Project finance relies on non‑recourse lending to a special‑purpose vehicle (SPV) whose only assets and cash flows are generally derived from a single project.
Lenders often depend exclusively on project revenues for repayment, so any operational or regulatory disruption can quickly jeopardize covenant compliance and lead to the loss of equity. Sector-specific risks, such as reliance on long-term power purchase agreements (PPAs) in renewables or concession regimes in mining, significantly affect revenue stability and financing outcomes.
Disputes commonly arise from high leverage, stringent contracts, and the need for stable operating conditions and reliable counterparties. Challenges such as government actions, permitting delays, counterparty failures, and operational issues can erode revenues and trigger defaults.

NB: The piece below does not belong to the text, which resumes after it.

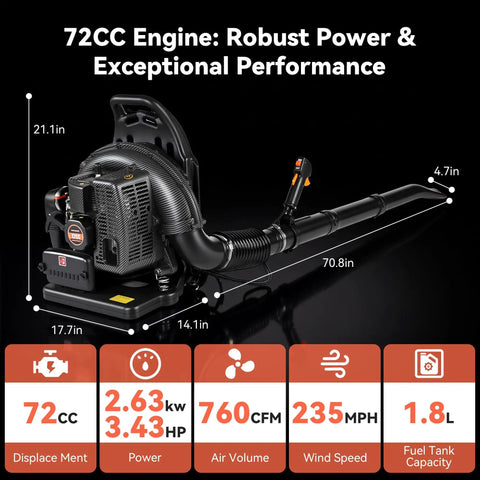 Heavy Duty 72cc Gas Power Backpack Leaf Blower With 230 MPH 760 CFM Adjustable Speed Low Noise Ergonomic Design Cruise Control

The authors Seabron Adamson, Dr. Tiago Duarte-Silva, and Drake Hernandez outline the mechanics of project finance, examine how sector-specific structures like PPAs and concession arrangements shape risk, review typical dispute scenarios, and explain how these factors influence damage assessment, particularly in relation to lender rights and cash flow modeling.

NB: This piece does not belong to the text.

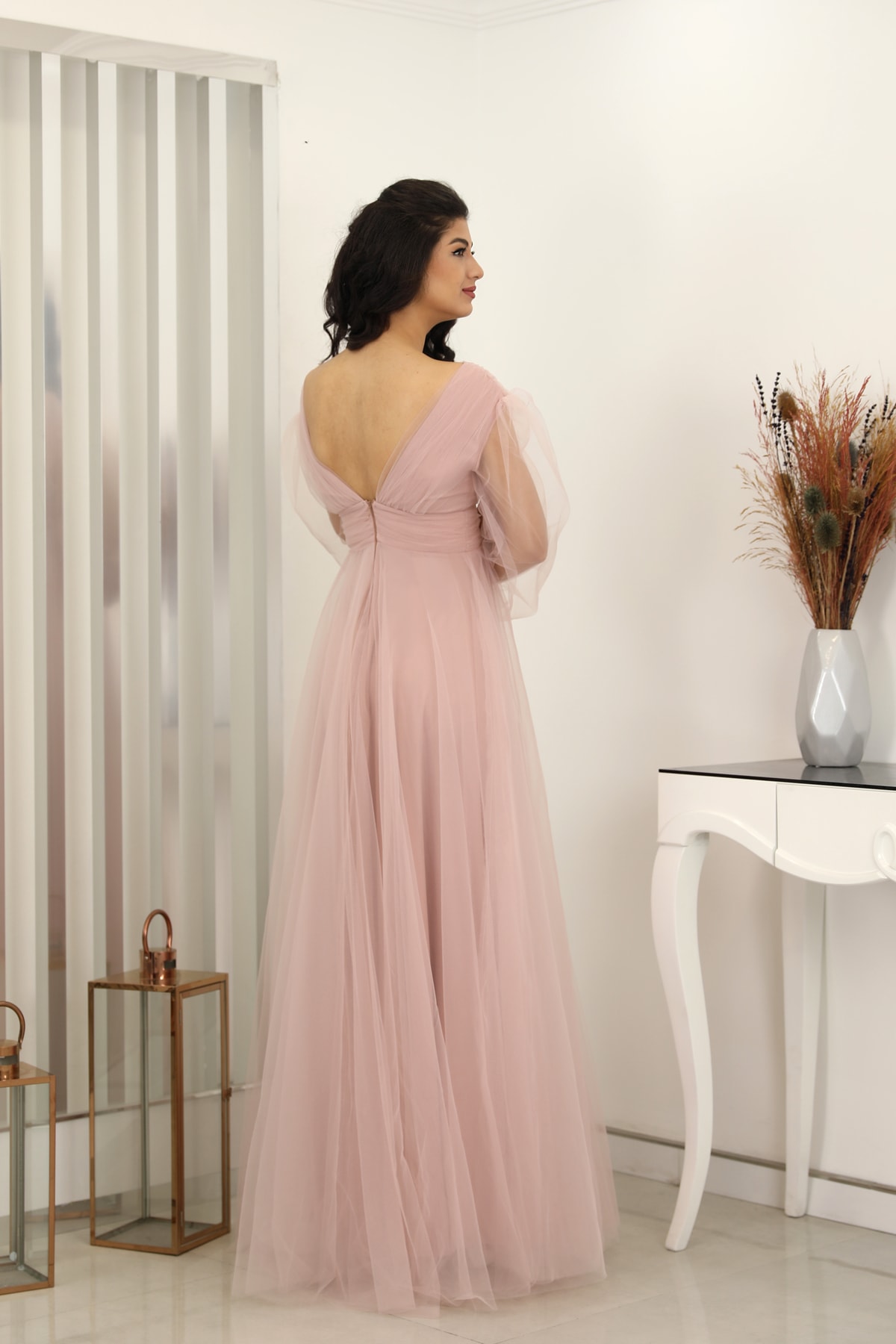 V Yaka Zeren Tül Abiye Bordo - pudra pembe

The key takeaways from the analysis are:
- Non‑recourse lending makes lender protection central and places sponsors last in payment priority.

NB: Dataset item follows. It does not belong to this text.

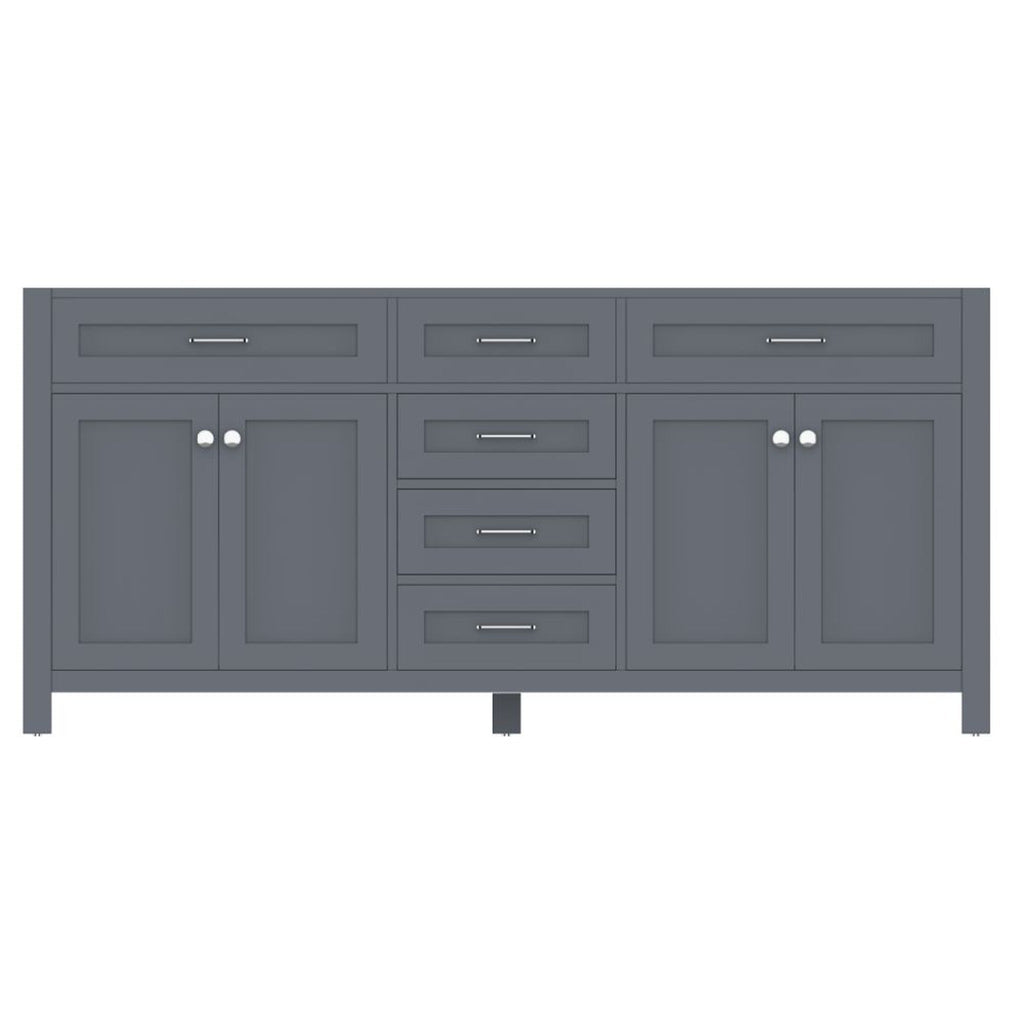 Alya Bath Norwalk 72" Double Gray Freestanding  Bathroom Vanity  With Brushed Nickel Edge Handles - HE-101-72D-G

- Cashflow waterfalls and covenants shape financial outcomes and could wipe out equity when disruptions occur.
- Sector‑specific structures (PPAs, concessions, offtakes) heavily influence risk and bankability.
- Common disputes stem from financeability failures, government actions, counterparty issues, and operational disruptions.
- Lender enforcement tools (step‑in, waivers, restructuring) materially affect both project outcomes and damages.
- Damage quantification must incorporate waterfall constraints and realistic mitigation options.